* **Task brief**
State how many lines in the records below include the word "Mercedes". Give nothing but that number.

* **Exercise data**
*** Begin section ***
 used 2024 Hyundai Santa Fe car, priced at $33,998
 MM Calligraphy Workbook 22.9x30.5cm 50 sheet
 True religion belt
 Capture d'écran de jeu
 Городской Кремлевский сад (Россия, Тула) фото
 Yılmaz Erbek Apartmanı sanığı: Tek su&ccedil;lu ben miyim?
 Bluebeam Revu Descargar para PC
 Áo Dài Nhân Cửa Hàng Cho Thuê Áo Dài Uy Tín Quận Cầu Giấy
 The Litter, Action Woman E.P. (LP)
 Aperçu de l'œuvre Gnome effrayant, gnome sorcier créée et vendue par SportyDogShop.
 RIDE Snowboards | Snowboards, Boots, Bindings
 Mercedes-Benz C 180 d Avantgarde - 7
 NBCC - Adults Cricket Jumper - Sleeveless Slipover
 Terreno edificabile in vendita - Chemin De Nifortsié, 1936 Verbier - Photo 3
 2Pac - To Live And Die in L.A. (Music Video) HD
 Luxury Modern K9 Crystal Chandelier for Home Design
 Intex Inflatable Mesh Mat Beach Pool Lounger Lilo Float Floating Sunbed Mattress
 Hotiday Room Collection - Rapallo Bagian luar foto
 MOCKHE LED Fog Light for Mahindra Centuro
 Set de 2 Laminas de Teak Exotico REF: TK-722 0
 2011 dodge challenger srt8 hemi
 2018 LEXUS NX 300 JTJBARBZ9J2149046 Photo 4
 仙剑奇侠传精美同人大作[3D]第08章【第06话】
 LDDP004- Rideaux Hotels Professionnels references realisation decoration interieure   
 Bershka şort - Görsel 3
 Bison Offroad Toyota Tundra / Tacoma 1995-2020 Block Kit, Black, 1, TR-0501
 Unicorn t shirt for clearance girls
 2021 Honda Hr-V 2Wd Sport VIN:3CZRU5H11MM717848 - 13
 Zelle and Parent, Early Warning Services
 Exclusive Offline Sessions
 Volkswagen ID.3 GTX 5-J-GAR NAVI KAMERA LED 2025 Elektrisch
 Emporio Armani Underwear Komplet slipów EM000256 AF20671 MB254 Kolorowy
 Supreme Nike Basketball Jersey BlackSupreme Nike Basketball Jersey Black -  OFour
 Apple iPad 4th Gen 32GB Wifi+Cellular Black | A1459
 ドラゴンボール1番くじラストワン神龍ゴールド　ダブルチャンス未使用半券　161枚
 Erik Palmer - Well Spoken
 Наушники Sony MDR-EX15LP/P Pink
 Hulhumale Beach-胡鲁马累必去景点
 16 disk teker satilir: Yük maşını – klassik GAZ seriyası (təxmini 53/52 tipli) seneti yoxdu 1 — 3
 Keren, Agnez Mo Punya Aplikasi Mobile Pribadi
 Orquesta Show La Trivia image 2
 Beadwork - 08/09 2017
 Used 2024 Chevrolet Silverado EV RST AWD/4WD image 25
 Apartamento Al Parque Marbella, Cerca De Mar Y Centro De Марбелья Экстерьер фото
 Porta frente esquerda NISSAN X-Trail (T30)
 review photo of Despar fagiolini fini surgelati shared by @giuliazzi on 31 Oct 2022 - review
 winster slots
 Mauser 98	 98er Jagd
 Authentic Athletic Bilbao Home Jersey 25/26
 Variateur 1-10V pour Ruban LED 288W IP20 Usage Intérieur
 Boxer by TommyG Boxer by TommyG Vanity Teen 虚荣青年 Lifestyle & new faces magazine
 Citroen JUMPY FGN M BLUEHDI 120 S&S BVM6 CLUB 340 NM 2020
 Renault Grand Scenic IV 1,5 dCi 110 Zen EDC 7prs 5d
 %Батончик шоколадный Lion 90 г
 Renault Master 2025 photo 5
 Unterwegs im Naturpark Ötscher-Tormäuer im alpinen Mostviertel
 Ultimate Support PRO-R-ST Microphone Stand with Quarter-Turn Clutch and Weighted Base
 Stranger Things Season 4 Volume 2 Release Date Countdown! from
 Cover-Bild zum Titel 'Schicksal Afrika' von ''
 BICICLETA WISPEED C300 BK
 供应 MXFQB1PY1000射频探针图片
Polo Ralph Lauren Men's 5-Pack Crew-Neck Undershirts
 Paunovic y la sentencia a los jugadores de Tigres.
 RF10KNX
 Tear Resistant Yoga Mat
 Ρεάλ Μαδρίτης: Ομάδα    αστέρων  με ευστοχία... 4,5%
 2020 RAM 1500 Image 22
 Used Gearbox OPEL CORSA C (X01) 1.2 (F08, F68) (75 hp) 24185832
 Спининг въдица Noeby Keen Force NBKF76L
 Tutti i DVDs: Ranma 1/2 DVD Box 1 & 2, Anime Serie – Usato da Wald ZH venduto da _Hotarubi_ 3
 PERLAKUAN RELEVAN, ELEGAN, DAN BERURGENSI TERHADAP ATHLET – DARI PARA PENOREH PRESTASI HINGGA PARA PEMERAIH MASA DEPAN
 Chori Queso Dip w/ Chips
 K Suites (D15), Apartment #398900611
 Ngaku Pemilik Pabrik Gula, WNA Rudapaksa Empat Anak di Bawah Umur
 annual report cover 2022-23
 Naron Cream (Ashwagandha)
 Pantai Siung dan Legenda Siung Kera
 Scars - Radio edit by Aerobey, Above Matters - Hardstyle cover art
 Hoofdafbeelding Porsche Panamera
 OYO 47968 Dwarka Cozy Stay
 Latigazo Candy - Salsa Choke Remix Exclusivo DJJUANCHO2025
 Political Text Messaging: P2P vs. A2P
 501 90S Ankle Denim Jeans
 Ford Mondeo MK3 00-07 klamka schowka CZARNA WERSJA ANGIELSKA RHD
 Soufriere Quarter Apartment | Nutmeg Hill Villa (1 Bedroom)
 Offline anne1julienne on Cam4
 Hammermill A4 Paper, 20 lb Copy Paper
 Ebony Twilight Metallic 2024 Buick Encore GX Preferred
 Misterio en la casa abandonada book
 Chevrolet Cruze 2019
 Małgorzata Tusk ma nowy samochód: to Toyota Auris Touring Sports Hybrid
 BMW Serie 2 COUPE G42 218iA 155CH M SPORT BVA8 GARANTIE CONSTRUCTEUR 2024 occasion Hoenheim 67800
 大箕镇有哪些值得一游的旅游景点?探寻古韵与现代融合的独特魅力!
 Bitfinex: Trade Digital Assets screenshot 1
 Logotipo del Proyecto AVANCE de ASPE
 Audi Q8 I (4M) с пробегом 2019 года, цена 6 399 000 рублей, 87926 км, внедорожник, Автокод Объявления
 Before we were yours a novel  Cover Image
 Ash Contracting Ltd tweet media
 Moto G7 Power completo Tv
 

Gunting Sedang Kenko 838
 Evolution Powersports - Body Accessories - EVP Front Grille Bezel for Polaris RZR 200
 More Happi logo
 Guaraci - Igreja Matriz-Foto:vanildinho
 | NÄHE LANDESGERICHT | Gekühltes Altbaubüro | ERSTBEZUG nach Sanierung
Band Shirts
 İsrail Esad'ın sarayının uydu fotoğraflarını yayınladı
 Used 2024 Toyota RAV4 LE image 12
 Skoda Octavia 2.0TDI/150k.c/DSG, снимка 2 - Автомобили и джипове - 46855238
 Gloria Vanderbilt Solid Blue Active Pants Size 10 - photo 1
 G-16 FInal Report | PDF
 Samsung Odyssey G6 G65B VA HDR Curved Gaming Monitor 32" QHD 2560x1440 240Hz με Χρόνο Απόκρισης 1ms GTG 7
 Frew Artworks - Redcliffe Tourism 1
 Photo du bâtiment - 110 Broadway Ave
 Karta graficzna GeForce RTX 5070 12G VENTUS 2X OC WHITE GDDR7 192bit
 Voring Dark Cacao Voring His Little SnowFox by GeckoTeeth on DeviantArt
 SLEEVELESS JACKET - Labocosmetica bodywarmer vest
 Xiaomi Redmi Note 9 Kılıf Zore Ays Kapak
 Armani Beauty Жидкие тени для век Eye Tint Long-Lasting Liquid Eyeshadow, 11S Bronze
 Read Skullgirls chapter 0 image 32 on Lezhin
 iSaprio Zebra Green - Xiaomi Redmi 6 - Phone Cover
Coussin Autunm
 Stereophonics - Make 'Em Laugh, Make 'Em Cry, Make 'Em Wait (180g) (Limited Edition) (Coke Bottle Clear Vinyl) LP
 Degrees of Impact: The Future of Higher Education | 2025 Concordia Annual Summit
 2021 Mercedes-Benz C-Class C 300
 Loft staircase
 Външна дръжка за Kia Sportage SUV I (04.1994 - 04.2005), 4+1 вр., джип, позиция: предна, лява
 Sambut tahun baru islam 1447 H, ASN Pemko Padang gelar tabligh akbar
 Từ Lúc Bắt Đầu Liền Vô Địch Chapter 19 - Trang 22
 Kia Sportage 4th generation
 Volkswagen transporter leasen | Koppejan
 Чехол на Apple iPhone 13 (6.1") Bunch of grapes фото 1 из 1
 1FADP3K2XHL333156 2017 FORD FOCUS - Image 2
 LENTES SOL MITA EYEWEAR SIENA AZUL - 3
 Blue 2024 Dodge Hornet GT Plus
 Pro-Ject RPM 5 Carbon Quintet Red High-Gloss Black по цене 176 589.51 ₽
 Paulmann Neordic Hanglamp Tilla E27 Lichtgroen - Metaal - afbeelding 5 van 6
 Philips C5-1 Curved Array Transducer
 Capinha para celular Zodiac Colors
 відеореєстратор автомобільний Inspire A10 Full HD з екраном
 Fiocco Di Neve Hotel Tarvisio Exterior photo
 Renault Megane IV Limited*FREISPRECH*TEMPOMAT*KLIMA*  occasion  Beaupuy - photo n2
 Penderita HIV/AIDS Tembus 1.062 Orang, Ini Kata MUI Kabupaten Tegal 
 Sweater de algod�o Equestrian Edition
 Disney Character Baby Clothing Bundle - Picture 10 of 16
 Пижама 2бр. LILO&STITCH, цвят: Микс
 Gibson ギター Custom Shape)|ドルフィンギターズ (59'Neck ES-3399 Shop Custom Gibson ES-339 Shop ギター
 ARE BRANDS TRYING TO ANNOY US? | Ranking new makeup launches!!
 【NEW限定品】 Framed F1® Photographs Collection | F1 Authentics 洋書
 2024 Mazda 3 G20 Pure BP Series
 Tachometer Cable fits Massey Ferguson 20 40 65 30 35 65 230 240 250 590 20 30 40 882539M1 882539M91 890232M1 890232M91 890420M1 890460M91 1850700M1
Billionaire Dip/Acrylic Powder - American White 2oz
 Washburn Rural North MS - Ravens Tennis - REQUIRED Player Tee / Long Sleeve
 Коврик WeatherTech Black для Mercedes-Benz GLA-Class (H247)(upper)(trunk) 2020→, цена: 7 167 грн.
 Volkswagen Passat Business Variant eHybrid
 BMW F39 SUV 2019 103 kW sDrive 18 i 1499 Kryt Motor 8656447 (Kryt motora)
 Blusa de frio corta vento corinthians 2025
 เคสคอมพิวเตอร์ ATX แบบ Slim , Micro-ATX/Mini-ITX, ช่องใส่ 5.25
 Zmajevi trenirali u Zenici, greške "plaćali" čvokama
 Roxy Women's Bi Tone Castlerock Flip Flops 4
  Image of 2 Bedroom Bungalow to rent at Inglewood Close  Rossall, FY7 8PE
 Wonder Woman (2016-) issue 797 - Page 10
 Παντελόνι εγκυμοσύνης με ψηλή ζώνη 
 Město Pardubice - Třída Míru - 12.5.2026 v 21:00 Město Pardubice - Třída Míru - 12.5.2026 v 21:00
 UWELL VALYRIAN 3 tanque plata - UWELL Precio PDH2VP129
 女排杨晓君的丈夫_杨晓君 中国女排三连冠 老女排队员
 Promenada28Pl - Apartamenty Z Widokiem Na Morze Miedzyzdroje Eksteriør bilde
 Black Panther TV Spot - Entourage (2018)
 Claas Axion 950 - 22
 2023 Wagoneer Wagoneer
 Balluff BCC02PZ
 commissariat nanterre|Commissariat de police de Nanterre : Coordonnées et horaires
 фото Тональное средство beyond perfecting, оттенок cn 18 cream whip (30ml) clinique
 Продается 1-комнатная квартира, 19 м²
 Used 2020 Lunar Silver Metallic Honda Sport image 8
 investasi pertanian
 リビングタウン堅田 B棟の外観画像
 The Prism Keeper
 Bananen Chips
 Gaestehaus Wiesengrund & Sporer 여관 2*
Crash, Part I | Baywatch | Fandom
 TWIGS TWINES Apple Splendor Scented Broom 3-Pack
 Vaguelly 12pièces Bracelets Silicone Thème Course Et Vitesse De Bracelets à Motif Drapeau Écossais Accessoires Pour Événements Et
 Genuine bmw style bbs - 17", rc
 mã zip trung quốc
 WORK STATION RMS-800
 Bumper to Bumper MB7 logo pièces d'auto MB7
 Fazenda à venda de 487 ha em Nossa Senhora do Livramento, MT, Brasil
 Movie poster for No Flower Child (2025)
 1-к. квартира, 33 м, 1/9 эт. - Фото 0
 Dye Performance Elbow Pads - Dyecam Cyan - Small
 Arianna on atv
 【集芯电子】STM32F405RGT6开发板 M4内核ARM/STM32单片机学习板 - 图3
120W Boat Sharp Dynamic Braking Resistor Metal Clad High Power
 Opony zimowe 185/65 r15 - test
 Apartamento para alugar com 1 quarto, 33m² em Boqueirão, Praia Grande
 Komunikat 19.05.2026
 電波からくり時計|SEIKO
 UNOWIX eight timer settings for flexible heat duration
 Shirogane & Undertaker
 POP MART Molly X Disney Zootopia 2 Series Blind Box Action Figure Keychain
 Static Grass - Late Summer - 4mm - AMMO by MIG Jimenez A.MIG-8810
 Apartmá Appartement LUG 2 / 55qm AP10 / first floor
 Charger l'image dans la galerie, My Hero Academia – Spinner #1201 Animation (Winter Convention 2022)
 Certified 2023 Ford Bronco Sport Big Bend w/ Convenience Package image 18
*** End section ***
* **Exercise response**
3